St Mary the Virgin Church Stratfield Saye House Hampshire + John Pitt

A Pastoral World

The architectural historian Howard Colvin reckoned the church was designed by John Pitt (c.1706 to 1787), son of then owner of Stratfield Saye House, George Pitt MP (1663 to 1735). If so, St Mary the Virgin is an incredibly accomplished and stylish affair by a relatively unknown amateur architect. The Veneto comes to Hampshire.

The spacious approach past the mid 19th century Italianate Pheasantry Lodge along an avenue through parkland ending with a gated path to the entrance augments its appeal. Erected in 1758, the church was dedicated by John Thomas Bishop of Salisbury in 1784. Built in the shape of a Greek cross, four pedimented projections radiate from a central domed low octagonal tower.

The simplicity of the exterior relying on materiality (a red and green palette of brick walls and copper roofs) and rationality of proportion (using the irrational number of the golden ratio) is a lesson for current practising neoclassicists. There is something of Sir John Vanbrugh about the elevations, especially the three circular windows over the west facing entrance loggia. A Palladian touch is apparent in the east facing Serlian window. In 1734 George Pitt bought Encombe Park in Kingston, Dorset, and gifted it to his son John. The rebuilt house is attributed to John Pitt and also displays Vanbrughian and Palladian influences.

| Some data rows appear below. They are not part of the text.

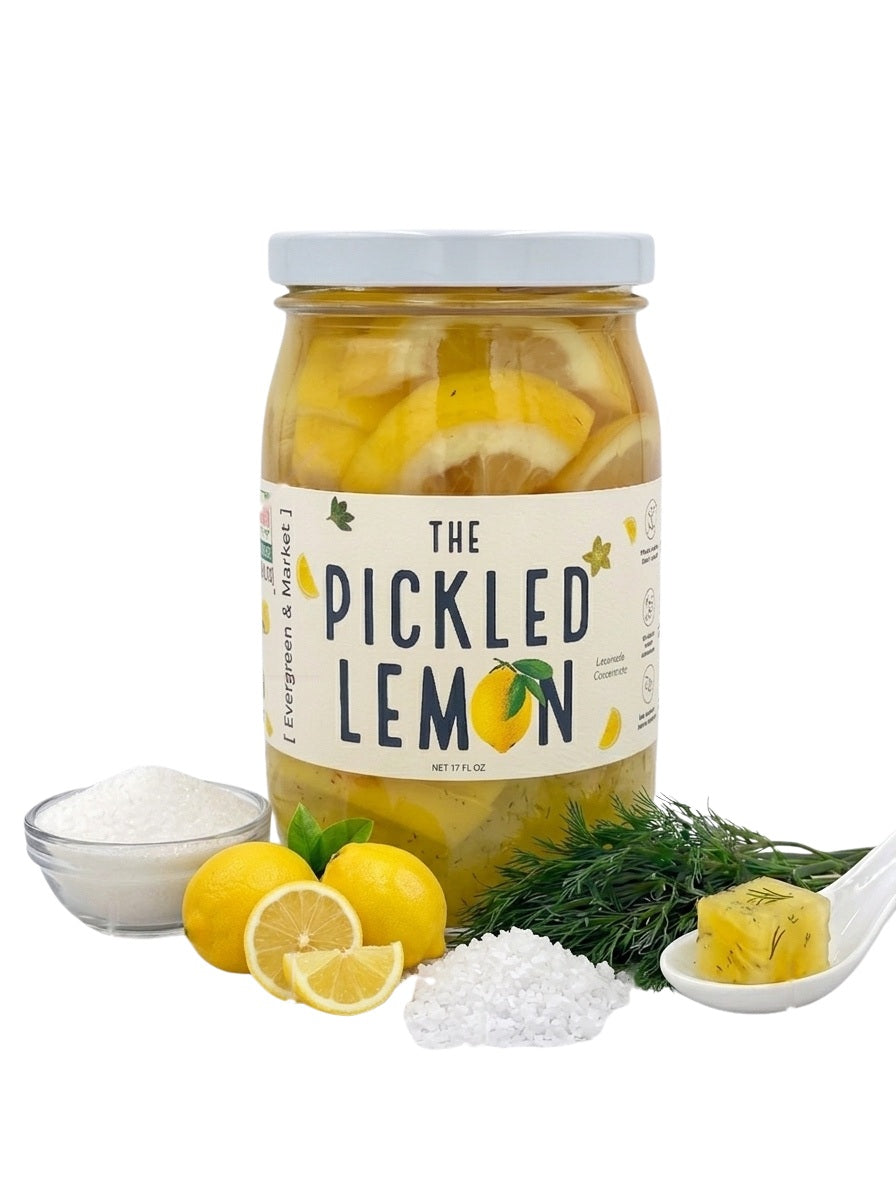 Jar of The Pickled Lemon by [PICKLES] with fresh lemons and dill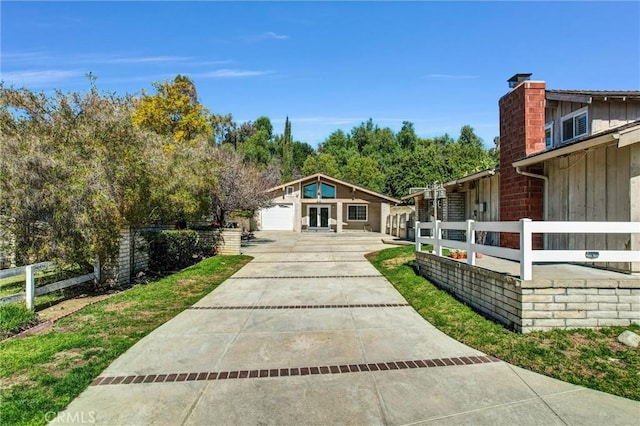 view of property's community with a garage, fence, and concrete driveway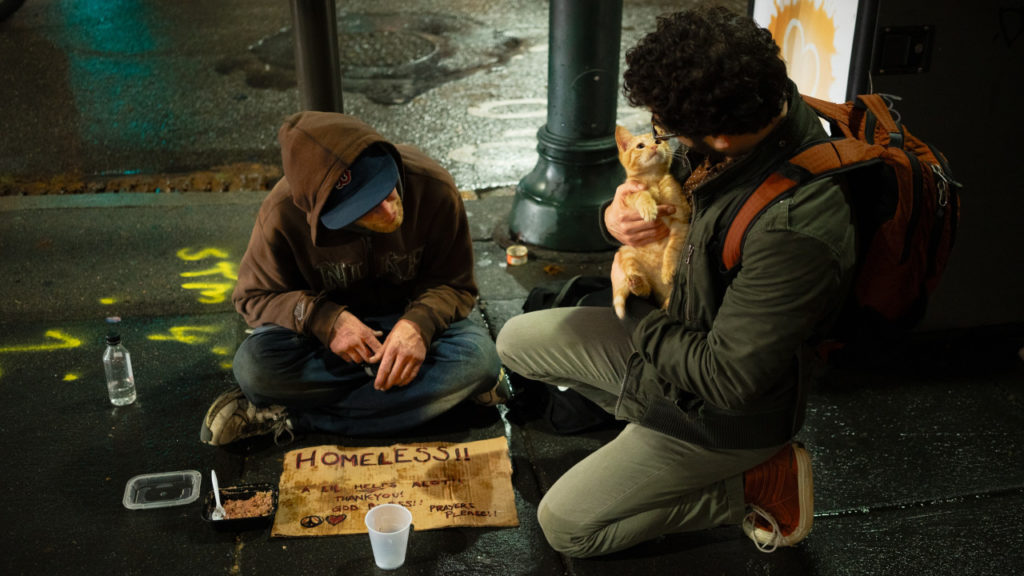 man with homeless man and cat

Memorials inside the church include a marble plaque stating: “This urn encloses the ashes of Gerald 7th Duke of Wellington, KG Lord Lieutenant of the County of London 1944 to 1949, Lord Lieutenant of Hampshire 1949 to 1960, Governor of the Isle of Wight 1956 to 1965, first Chancellor of the University of Southampton 1951 to 1962. Born 21 August 1885. Died 4 January 1972.” A 17th century alabaster Pitt family group sculpture in the south transept predates the current building.

The perfection of the architecture owes much to a comprehensive 1965 restoration carried out by Peter Sawyer. He removed render to expose the fine red English bond brickwork. A later wing was demolished and the fenestration tidied up. Symmetry was restored to the plan and elevations. Little wonder it is Grade I Listed for architectural and historical reasons.